尚冨の立川三昧

第1回 立川流との出会い − その1

 亀崎に生まれて育つと言うことは、ものごころついた時からごく自然に、あの有名な彫刻のついた山車を見て育っているわけです。最初から自然に伝統彫刻の美術の中にとけこみながらの生活ですので、いつから立川流を意識したかというのは非常に難しいかもしれません。気が付いたら、お祭りをする中で彫刻を自然に見ていた。というのが本当のところだと思います。
 それはそれとして、子どもの頃、よく親戚の者から、私の分家の先祖は宮大工をしていたと聞いていました。それが立川流の宮大工だったという事を、当時は知らなかったわけですが、いろいろな事に興味をもって、お祭りや神社仏閣に触れるにしたがい、だんだん明白になってきました。その親戚の宮大工というのが、江戸時代に活躍しておりました立川流の知多の一門の青木友助という人だったのです。この青木さんは知多郡武豊町の小迎地区の山車を棟梁として作っております。その時は知多の棟梁の総帥、岸幕善兵衛という人が後見について、知多の立川一門が総出で作ったという山車なのです。この青木友助は小迎地区の山車を作ってから東本願寺の仕事にいくわけです。そこで、関西の仕事が非常に増えてしまいまして、とうとうこの知多から離れて、関西で住むようになりました。現在もその直系の子孫は東大阪市に住んでおります。その青木友助の孫が亀崎の方へ来まして、私どもの間瀬一族の方へ入っていろいろ仕事をしていました。そんな関係で、立川流との出会いを意識したのは、青木友助のことがいろいろわかってきてからという事になります。

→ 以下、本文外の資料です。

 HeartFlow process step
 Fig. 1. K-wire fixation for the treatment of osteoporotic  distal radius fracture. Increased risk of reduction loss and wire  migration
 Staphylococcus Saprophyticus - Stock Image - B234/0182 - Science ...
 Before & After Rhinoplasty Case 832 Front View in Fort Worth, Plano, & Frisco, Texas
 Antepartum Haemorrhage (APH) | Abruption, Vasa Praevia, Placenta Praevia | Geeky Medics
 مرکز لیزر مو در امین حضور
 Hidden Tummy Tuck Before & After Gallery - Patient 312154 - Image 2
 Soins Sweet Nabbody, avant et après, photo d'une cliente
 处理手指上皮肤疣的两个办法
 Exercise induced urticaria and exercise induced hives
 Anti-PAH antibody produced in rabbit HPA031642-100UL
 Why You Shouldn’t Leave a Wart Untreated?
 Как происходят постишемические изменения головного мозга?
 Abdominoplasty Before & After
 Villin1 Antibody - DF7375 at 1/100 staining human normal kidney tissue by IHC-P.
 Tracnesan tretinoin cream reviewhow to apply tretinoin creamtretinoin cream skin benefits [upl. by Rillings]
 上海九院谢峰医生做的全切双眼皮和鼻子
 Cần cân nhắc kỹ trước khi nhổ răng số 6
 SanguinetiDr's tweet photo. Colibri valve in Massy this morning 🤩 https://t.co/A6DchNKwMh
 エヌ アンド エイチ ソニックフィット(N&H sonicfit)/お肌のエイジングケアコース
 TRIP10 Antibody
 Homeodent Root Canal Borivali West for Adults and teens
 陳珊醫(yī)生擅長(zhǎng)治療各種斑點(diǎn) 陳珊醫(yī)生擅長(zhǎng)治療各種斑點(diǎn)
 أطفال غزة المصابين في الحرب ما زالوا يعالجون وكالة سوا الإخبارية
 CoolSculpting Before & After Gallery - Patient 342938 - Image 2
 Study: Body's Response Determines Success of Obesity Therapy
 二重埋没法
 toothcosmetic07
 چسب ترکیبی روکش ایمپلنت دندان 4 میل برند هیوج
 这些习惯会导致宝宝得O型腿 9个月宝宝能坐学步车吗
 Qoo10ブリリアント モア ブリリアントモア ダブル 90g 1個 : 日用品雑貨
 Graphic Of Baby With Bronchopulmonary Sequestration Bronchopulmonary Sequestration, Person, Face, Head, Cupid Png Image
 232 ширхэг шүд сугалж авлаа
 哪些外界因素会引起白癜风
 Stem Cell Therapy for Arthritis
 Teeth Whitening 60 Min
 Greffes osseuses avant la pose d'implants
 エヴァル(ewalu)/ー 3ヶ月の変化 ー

 これが立川流との出会いなのですが、実際に彫刻をなぜやりだすかということになりますと、別の意味もあります。これは立 川流とはちがって美術との関係なのですが、私の親のおじさんに服部有恒という人がおりまして、この人は日展の日本画家でした。今も作品がいろいろな所に残っておりますが、主な物はこの近辺ですと、名古屋市役所の貴賓室にある豊臣秀吉です。一度見せていただいた事がありますが、非常に緻密で繊細な絵だなという感想をもちました。他には豊川稲荷の寺宝館、東京富岡八幡、伊勢神宮徴古館など全国各地にあります。この服部さんの影響で私も親から絵を習うように勧められて、三年生の頃から絵を習い出しました。その当時は親の勧めに従ってという感じでした。絵も好きだったのですが、だんだん造形的なもの、形のある物の方に興味をひかれる様になりました。
 ちょうどその頃、名古屋城が再建されました。金の鯱ほこのパレードをテレビで見まして、金の鯱ほこに妙にひかれました。その金の鯱を粘土で一生懸命造ったという記憶があります。そうしたことから、物をどんどん造っていくという事を四年生くらいから始めたと思います。五年生になりまして、山車の模型を作る様になりました。小学生時代の山車作りの中で彫刻への関心が非常に強くなっていった様に思います。